No ano de 1999, com “Crash”, David Cronenberg fez o bom cinéfilo entrar em rota de auto-colisão, num filme que, de forma provocadora e com muito erotismo e malandragem no lugar de pendura, se debruçava sobre o esgotamento e a reinvenção do desejo, através da fascinação humana para com a morte e a tendência para a erotização do perigo.
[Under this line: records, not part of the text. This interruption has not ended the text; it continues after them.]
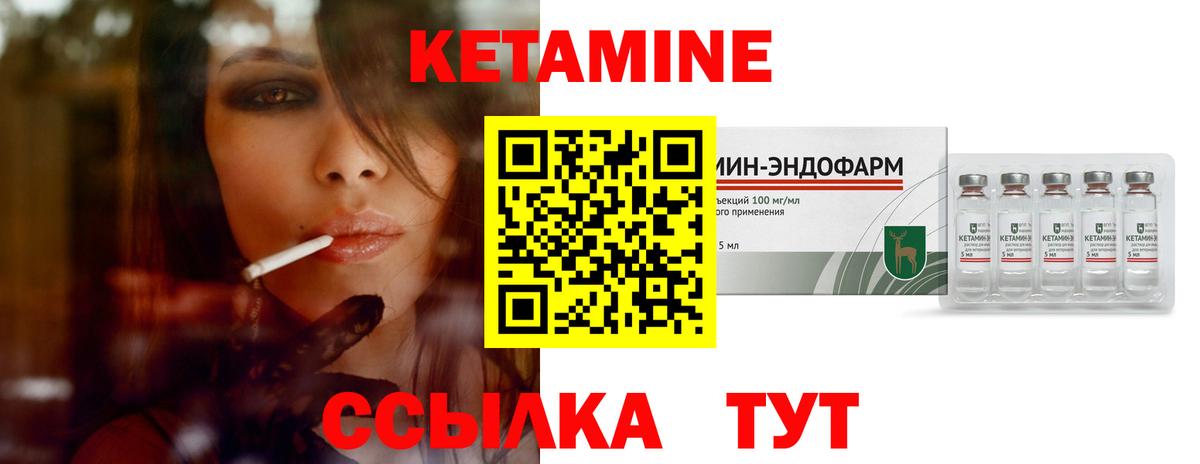 КЕТАМИН VHQ Сибай
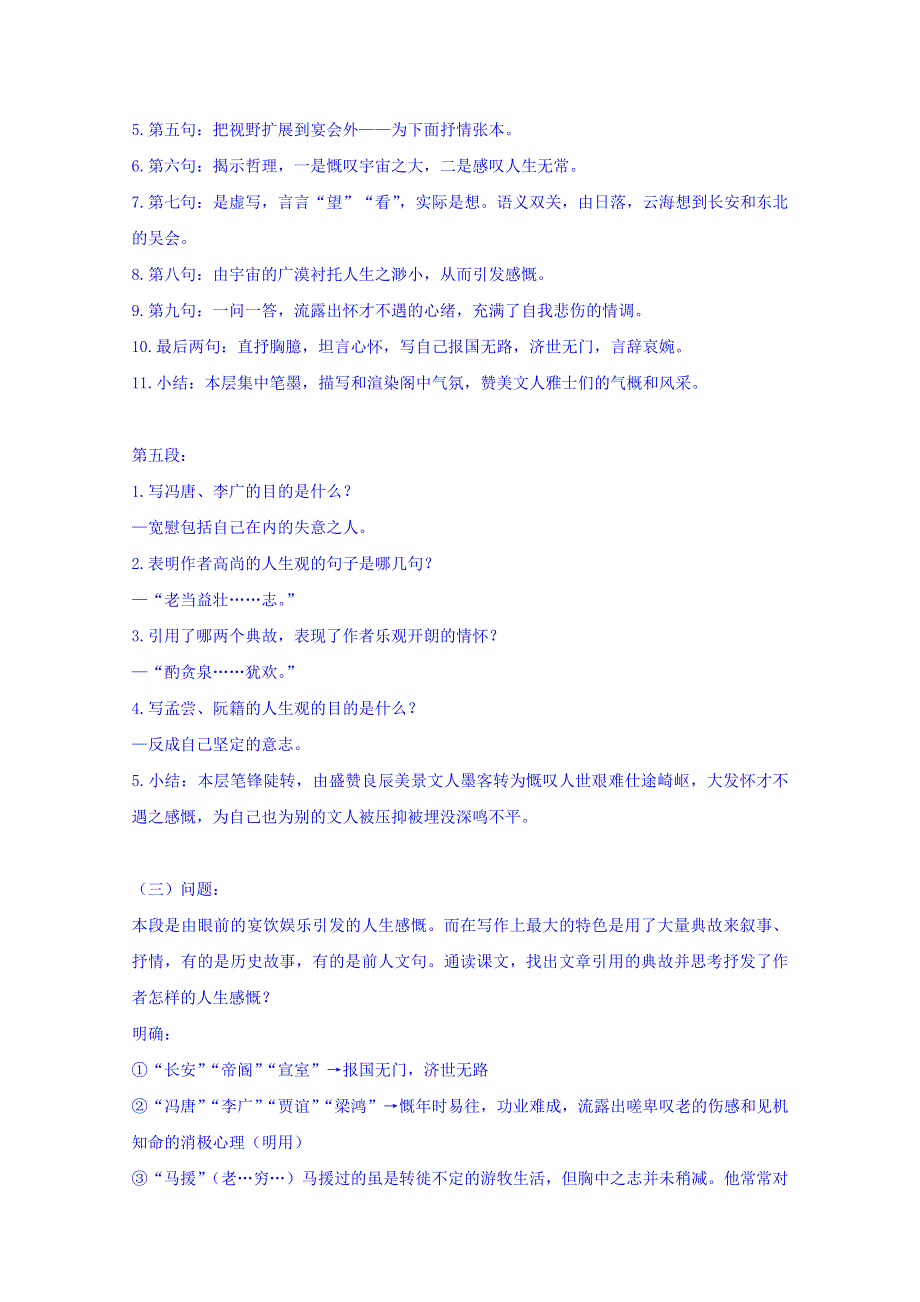 辽宁省葫芦岛市第八高级中学高中语文学案 人教版必修五《5 滕王阁序》第四课时.doc_第3页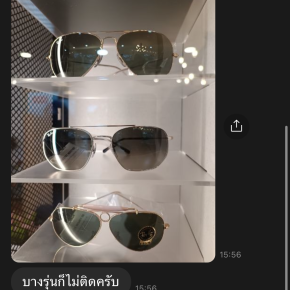 ทำไม! สติ๊กเกอร์ Rayban G15 ที่อยู่บนหน้าเลนส์ ถึงไม่มีแปะ ทั้งที่เป็นเลนส์ G15 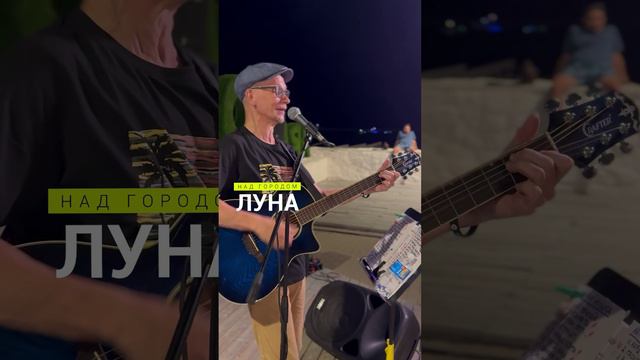 Мацтук - Белый лев (Short Live)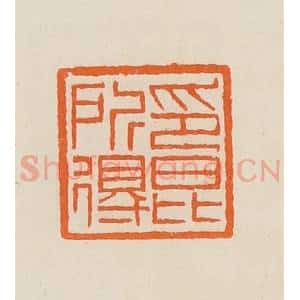 清代 黄士陵篆 印谱《印昆所得》篆刻印章作品图片欣赏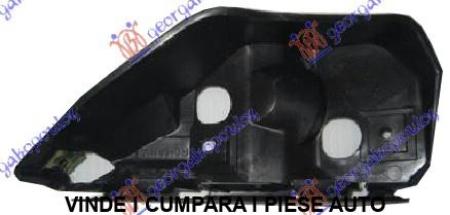 Suport Lateral Bara Fata Stanga Volvo V50 2004 2005 2006 2007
Apresentado na Quinzena dos Realizadores na edição de 2019 do Festival de Cannes, “Yves”, que conta com a realização de Benoît Forgeard, está longe da subtileza e finesse Cronenberguiana, mas mantém o delírio erótico através de uma boa dose de idiotice e pura parvoíce, onde encontramos um candidato a rapper, a rapariga dos seus sonhos mais molhados e um frigorífico falante que, a haver licenciaturas para frigoríficos, ter-se-ia formado com distinção numa Harvard refrigerada.
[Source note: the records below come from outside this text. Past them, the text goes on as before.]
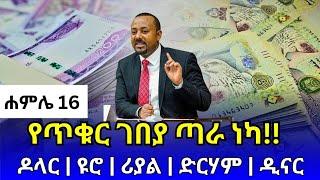 የምንዛሬ መረጃ ዛሬ ሐምሌ 16!!የጥቁር ገበያ ገሰገሰ ከዚህ ደረሰ!! ዶላር | ሪያል | ድርሃም | Ethiopian black market exchange rate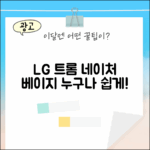 LG 트롬 네이처 베이지, 누구나 쉽게!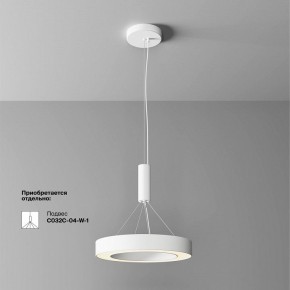 Накладной светильник Maytoni Lua C093CL-36W3K-W в Урае - uray.ok-mebel.com | фото 4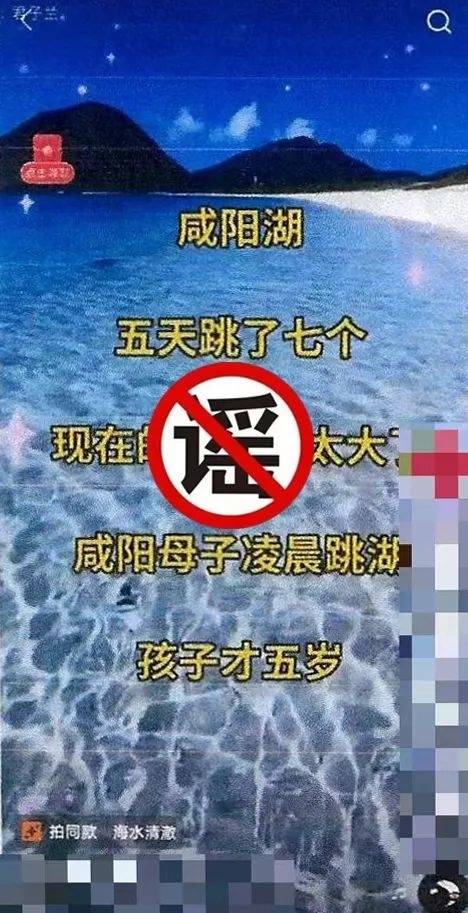 网民陈某，被淄博警方处罚！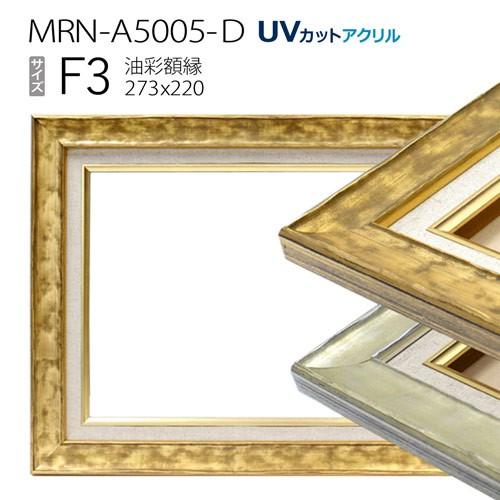 油彩額縁 MRN-A5005-D F3 号(273×220)（UVカットアクリル仕様 木製 油絵用額縁 キャンバス用フレーム）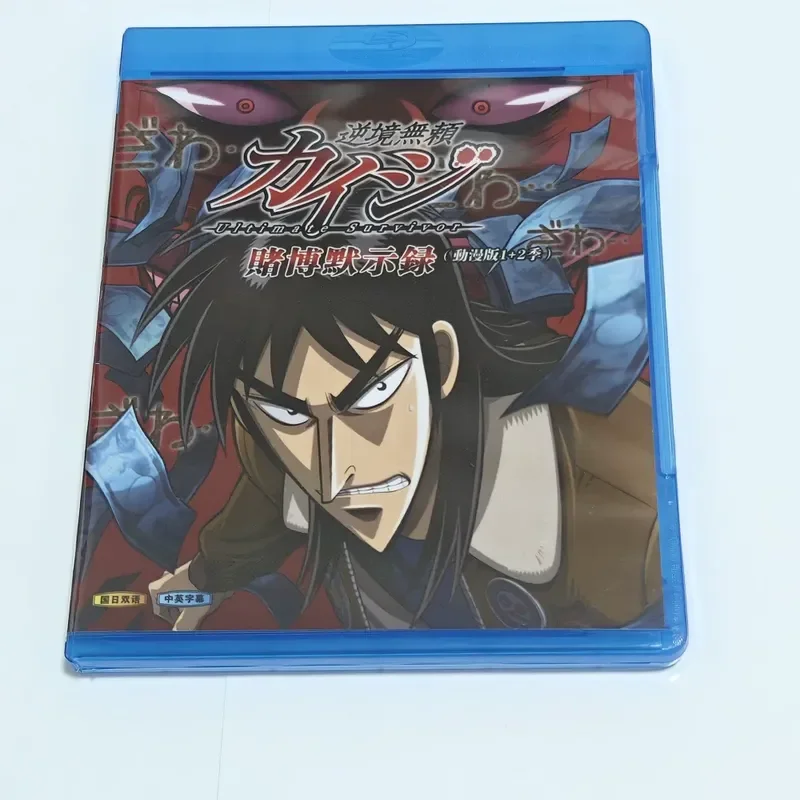 Blu-ray BD Disc Box Gambling Revelation Animated CD Storage Case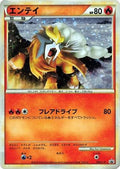 Entei - 059/L-P (059/L-P) [JP LP Legends Promos] Holofoil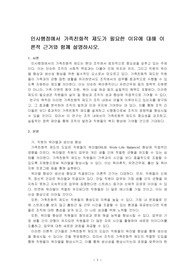 인사행정에서 가족친화적 제도가 필요한 이유에 대해 이론적 근거와 함께 설명하시오.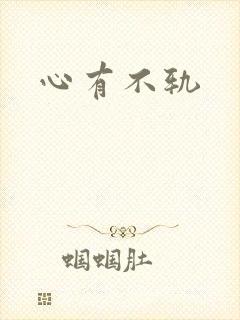 心有不轨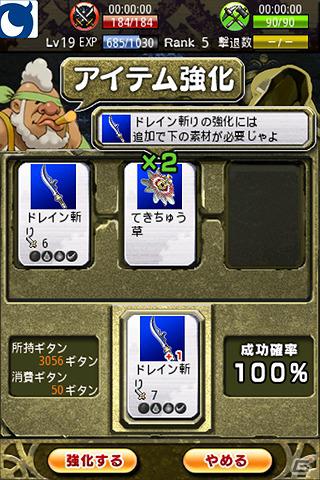 Mobage「風来のシレン みんなで不思議のダンジョン」iOS版が本日3月15日より配信開始の画像6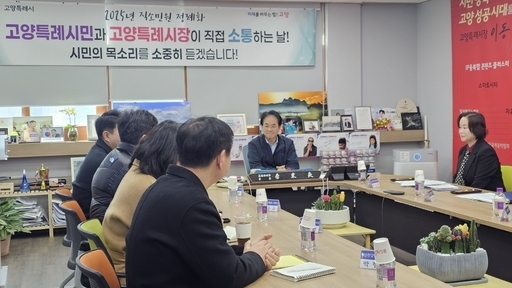 고양시는 시민의 목소리를 시정에 적극 반영하기 위해 44개 동을 순회하며 간담회를 이어가고 있다. 현재 21개 동 소통간담회를 진행했으며, 12월 초까지 완료할 계획이다.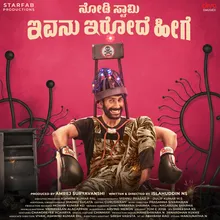 Nodi Swamy Ivanu Irode Heege - Title Track (From "Nodi Swamy Ivanu Irode Heege")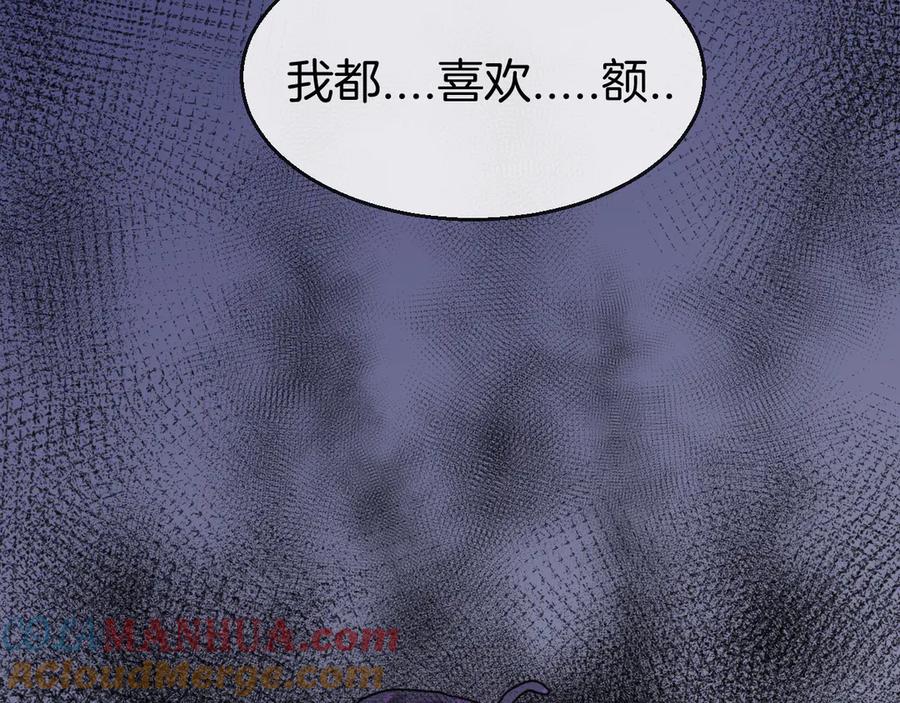 《别动！自己人》第64话 生日礼物 第28页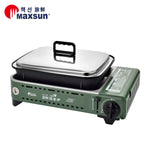 Portable Gas BBQ Stove PRO Grill Plate Burner Butane Camping Gas Cooker With Non Stick Pan and Lid V255-MS-88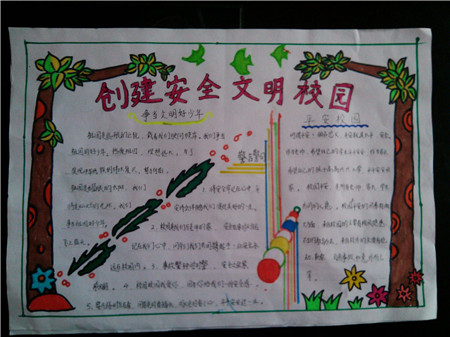 文明校园手抄报图片简单又漂亮3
Não esperem encontrar por aqui uma narrativa linear, credível ou politicamente correcta. Tal como no clássico “Dumb and Dumber”, protagonizado pela dupla Jim Carrey e Jeff Daniels, a estupidez governa do princípio ao fim e, se entrarem no filme sem grandes desejos de intelectualidade e aceitando até algum mau gosto, são capazes de passar um bom bocado.
Nesta sua segunda longa-metragem, o argumentista e realizador Benoît Forgeard mistura o hip-hop de tons machistas – estilo 2 Live Crew – com a insanidade tecnológica de ponta, criando um filme que salta para fora da caixa. O protagonista dá pelo nome de Jerem, um MC que parece sofrer de um bloqueio criativo permanente na garagem onde vai gravando as suas malhas. A sua vida sofre uma transformação quando, por razões desconhecidas e nunca apuradas, é escolhido para fazer parte de um teste de produto a um frigorífico que promete operar uma revolução mundial: o Fribot, baptizado de Yves, um parente moderno do HAL 9000 de Kubrick.
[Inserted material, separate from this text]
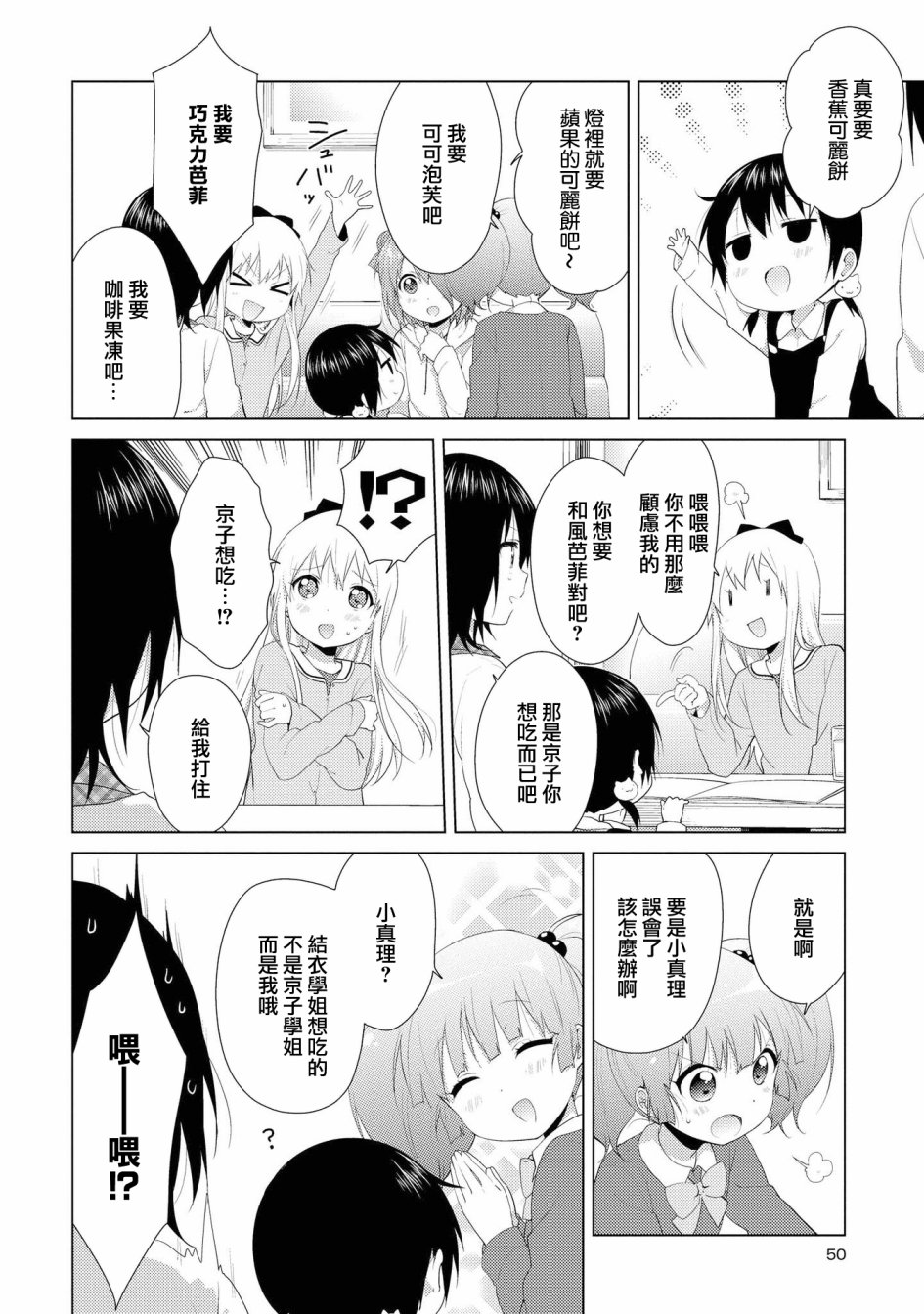 《摇曳百合》102话第4页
Sem dinheiro para grandes aventuras, Jerem começa por achar piada a ter as compras pagas e feitas por este frigorífico nutricionista, pelo menos até este começar a colocar algumas reservas aos seus pequenos-almoços onde há apenas lugar a bananas e molho de chocolate. A devolução do aparelho parece ser uma certeza, mas quando So, uma estilosa trabalhadora da companhia entra em acção, Jerem vê-se perdido de amores, encontrando em Yves não apenas um conselheiro relacional mas também um parceiro criativo, capaz de rapar como gente grande em ritmo de auto-tune.
A partir daqui desenha-se um triângulo feito de muito músculo e microchips, que irá conduzir a um duelo tresloucado e a um final onde Forgeard mostra estar claramente mais preocupado na sua estética marada do que com qualquer opinião menos favorável do espectador, num filme que faz troça da criação musical em tempos modernos e olha para a Inteligência Artificial como algo que, com a devida malha, até se pode transformar em motivo de chacota, impedindo que os robots tomem conta deste mundo. Tão, mas tão ridículo que chega a ser cool.